One of the simplest setups we can consider is the Rayleigh-Bénard problem, where fluid is contained between two stationary parallel plates which are held at fixed temperatures. If the lower plate is maintained at a higher temperature than the upper plate, then density differences due to temperature can drive convection in the domain. Stronger thermal driving, characterised by a larger Rayleigh number, drives a stronger flow.
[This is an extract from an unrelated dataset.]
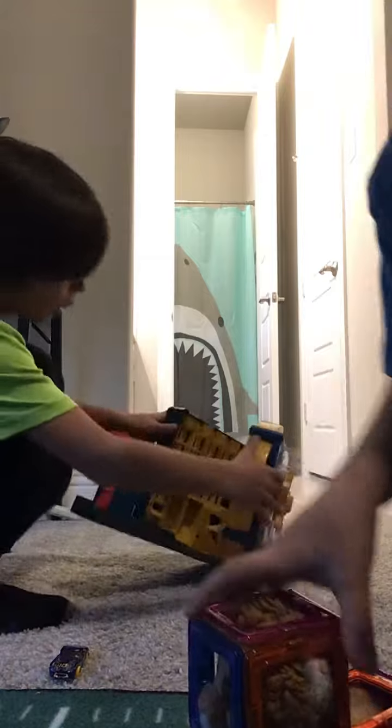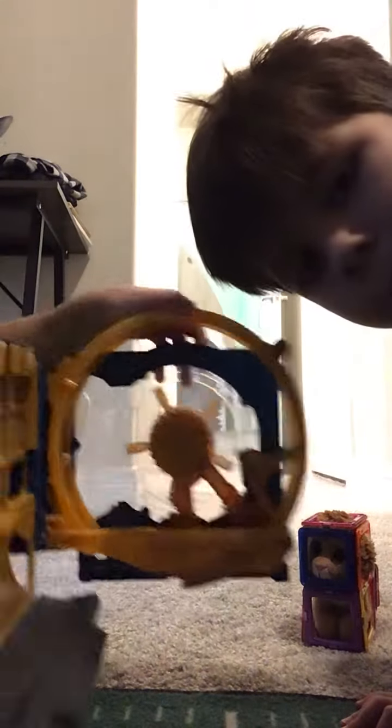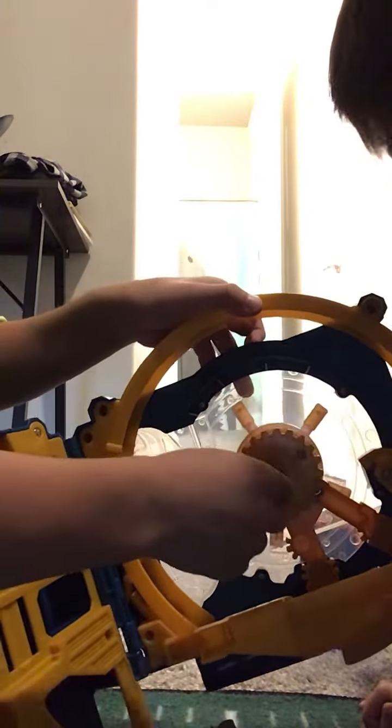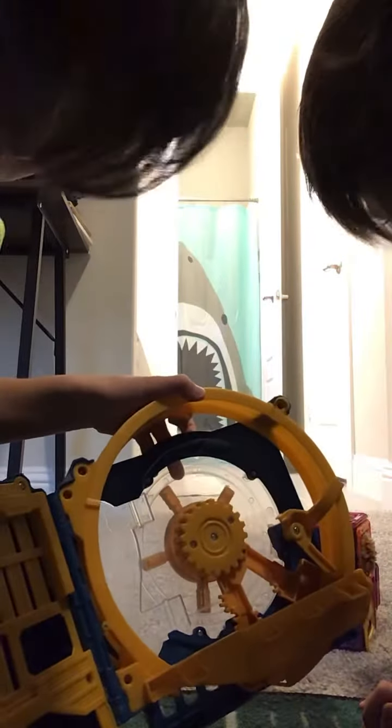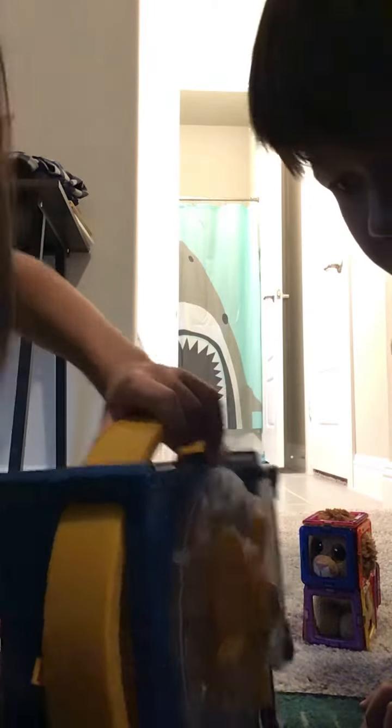So first thing you're going to do is you're going to hold it like this. So now to close it — you might see this right here. Let's open it up real quick. You see this edge right here — those two have to connect, so you can look on the side and you can see if it connects or not.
In MuRPhFi, we can take advantage of the multiple resolution grid to efficiently simulate this problem at high \(Pr\). Since temp on the coarse grid and sal on the refined grid evolve according to the same equations (up to a different \(Pr\)), we can treat sal as \(-\theta/\Delta\) for the dimensionless temperature of the system. We set activeT=0 to remove the effect of temp on the buoyancy and run the simulation.

2D Visualization

Here, we show the results for \(Ra=10^8\), \(Pr=10\). The simulation was run with a resolution of \(128^3\) on the coarse grid for velocity, and a resolution of \(384^3\) on the refined grid for "temperature". First, we use the script parallel_movie.py to produce a visualisation of a vertical slice of the "temperature" field sal:

Statistics

We can then dive into the statistics output in means.h5 to calculate the dimensionless heat flux due to the convection, the Nusselt number \(Nu\), and the Reynolds number \(Re\). The following are produced from the script plot_time_series.py.

Nusselt number

In Rayleigh-Bénard convection, there are a number of ways to calculate the Nusselt number, all of which should be equivalent (in a time-averaged sense) in a well-resolved, statistically steady state. Firstly, we can measure the conductive heat flux at the top and bottom plates:

\[ {Nu}_\mathrm{pl} = \frac{H}{\Delta} \left.\frac{\partial \theta}{\partial z} \right|_{z=0}, \qquad Nu_\mathrm{pu} = \frac{H}{\Delta} \left.\frac{\partial \theta}{\partial z} \right|_{z=H} \]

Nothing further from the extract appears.